# Exercise brief
Repeat the listing word for word. No pictures belong in the copy.

# Information supplied
○ ○ ○ ○ ○ ○ ○

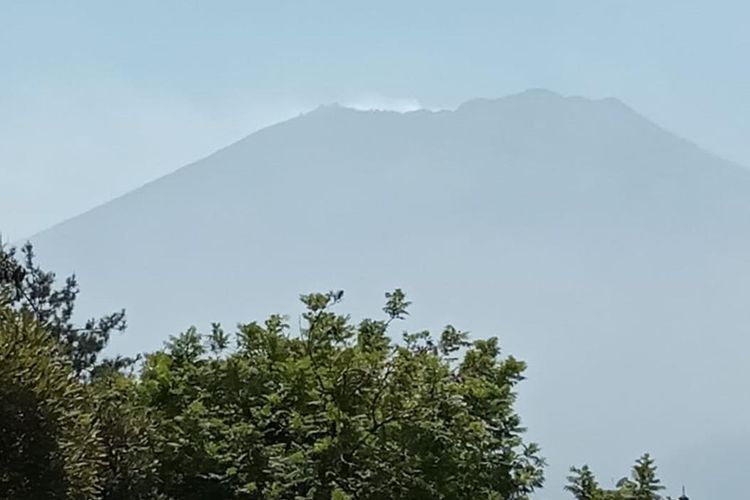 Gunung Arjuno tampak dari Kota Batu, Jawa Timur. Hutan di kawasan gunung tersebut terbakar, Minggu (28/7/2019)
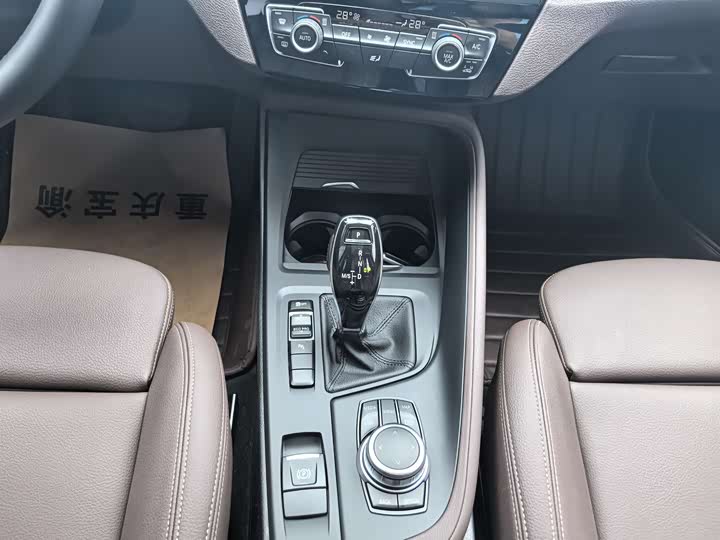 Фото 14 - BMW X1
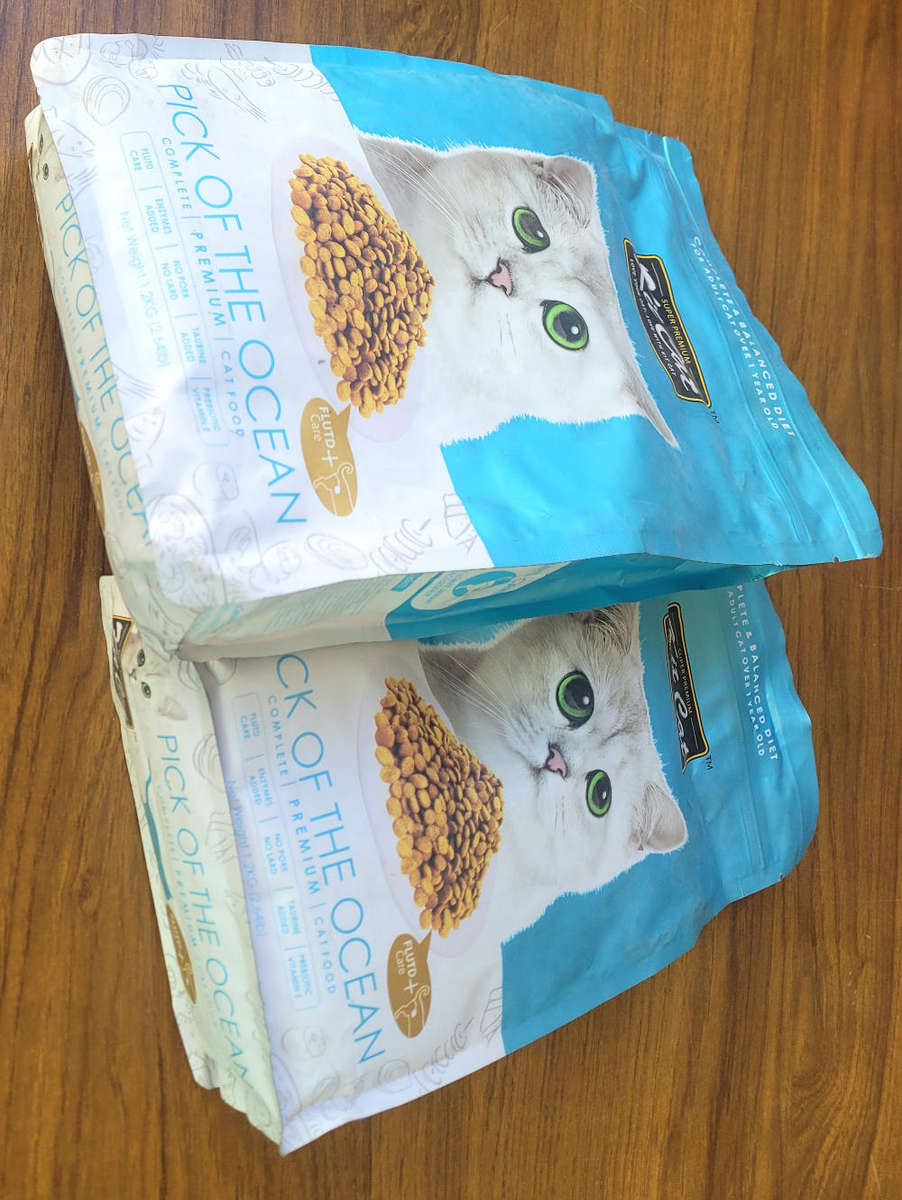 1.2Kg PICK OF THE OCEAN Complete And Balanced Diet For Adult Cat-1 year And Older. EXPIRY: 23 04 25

○ ○ ○ ○ ○ ○ ○

# Expected output
 Gunung Arjuno tampak dari Kota Batu, Jawa Timur. Hutan di kawasan gunung tersebut terbakar, Minggu (28/7/2019)
 Фото 14 - BMW X1
 1.2Kg PICK OF THE OCEAN Complete And Balanced Diet For Adult Cat-1 year And Older. EXPIRY: 23 04 25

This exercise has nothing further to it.